A solemn assertion, even if supported by sureties, that the applicant will not abscond if released is not sufficient ground for releasing a convicted person on bail pending appeal. See Dominic Karanja, supra.”

In the High Court decision of Njagi v. Republic, Nyeri HC Cr. Case NO. 50 of 2013 (2013) eKLR Aboudha, J. Cited a Ugandan case Arvind Patel v. Uganda SC Cr.
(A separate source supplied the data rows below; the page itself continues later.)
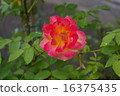 Rose of Anne 16375435
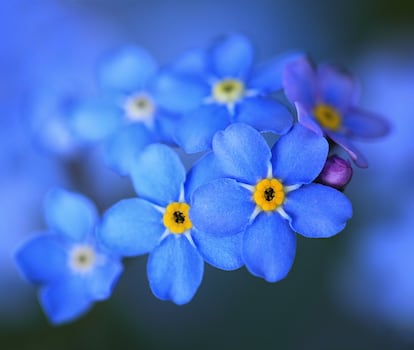 Nomeolvides myosotis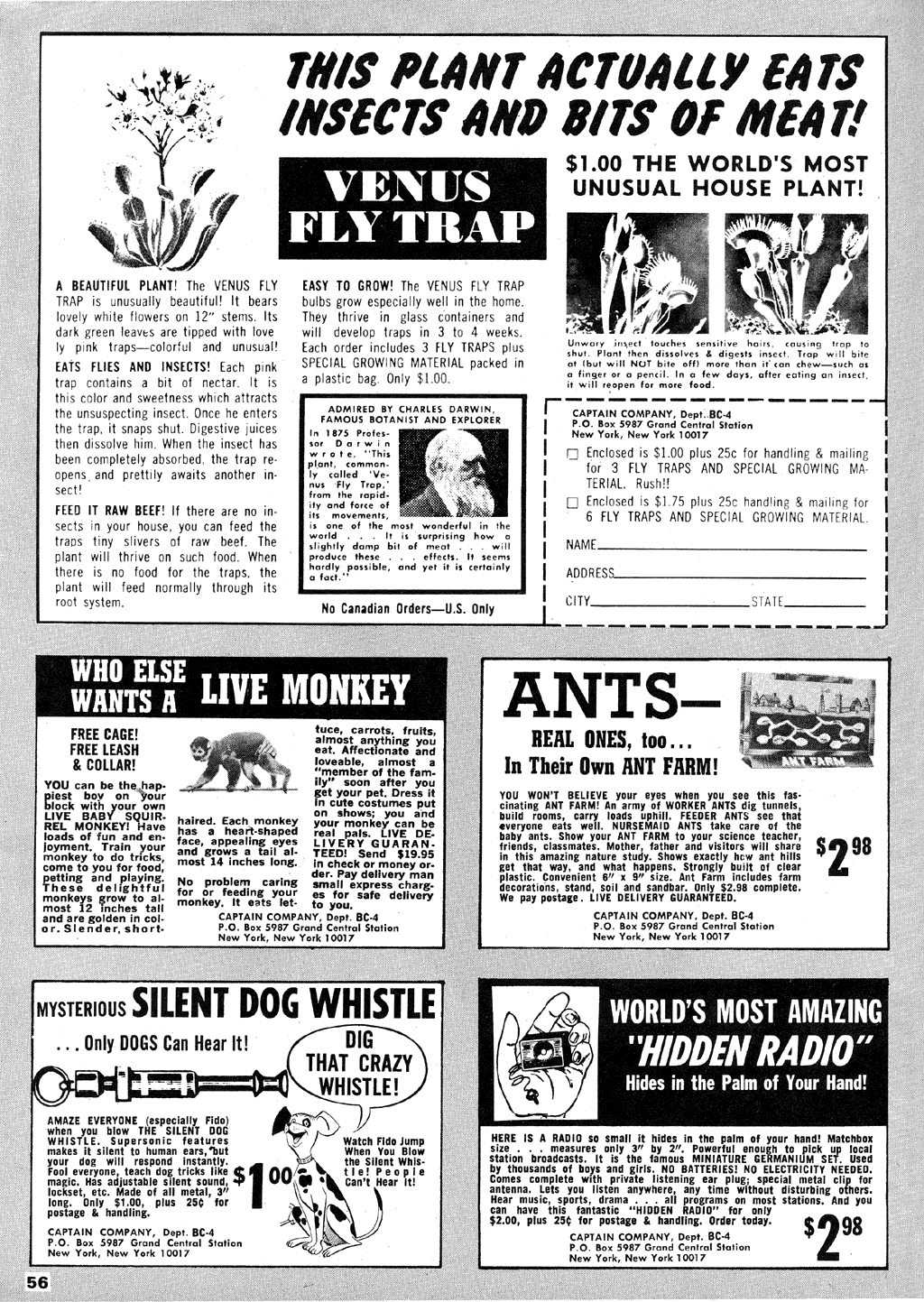 Read online Blazing Combat comic -  Issue #4 - 56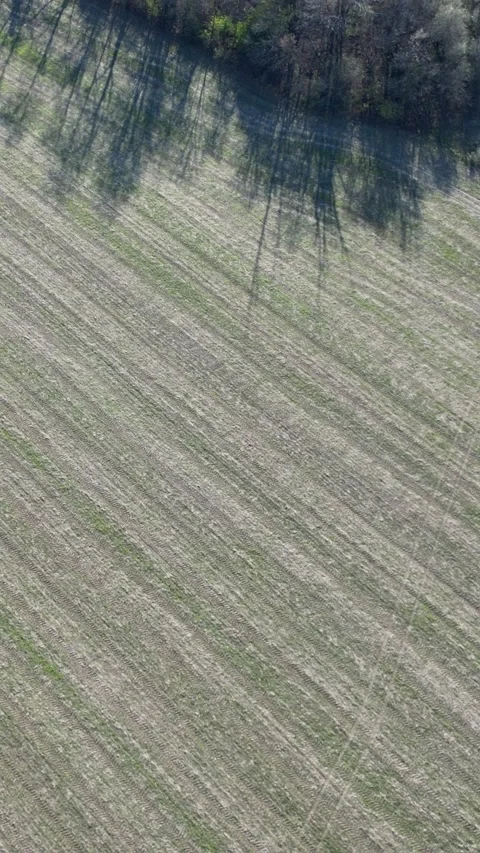 Island of trees in the farm field 動画素材 225525460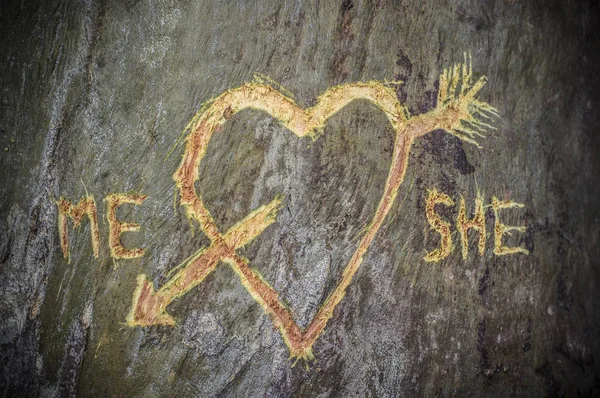 Birke mit geschnitztem Herz, gekreuzt von einem Liebespfeil — Stockfoto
Appeal No. 1 of 2013 which is stated to have listed whether the applicant is a first offender and the offence of which the applicant is convicted involved personal violence.  The full text of the Ugandan case was not provided and I was unable to take benefit of the decision.  Moreover as the learned judge notes “From teh two authorities, it is discernible that the prospect of success of an appeal still remain of paramount consideration just like in Somo’s case.”

The applicant has in his supporting affidavit of 28th May 2015 set out his grounds for the bail application deponing that he was on bail during the lower court trial and did not fail to attend any court session; that he has a family that depend on him; that he has a permanent place of abode at Kalundu within Kitui County; that his appeal has high chances of success; and that he was willing to abide by any terms of bond and will attend court whenever required to do so.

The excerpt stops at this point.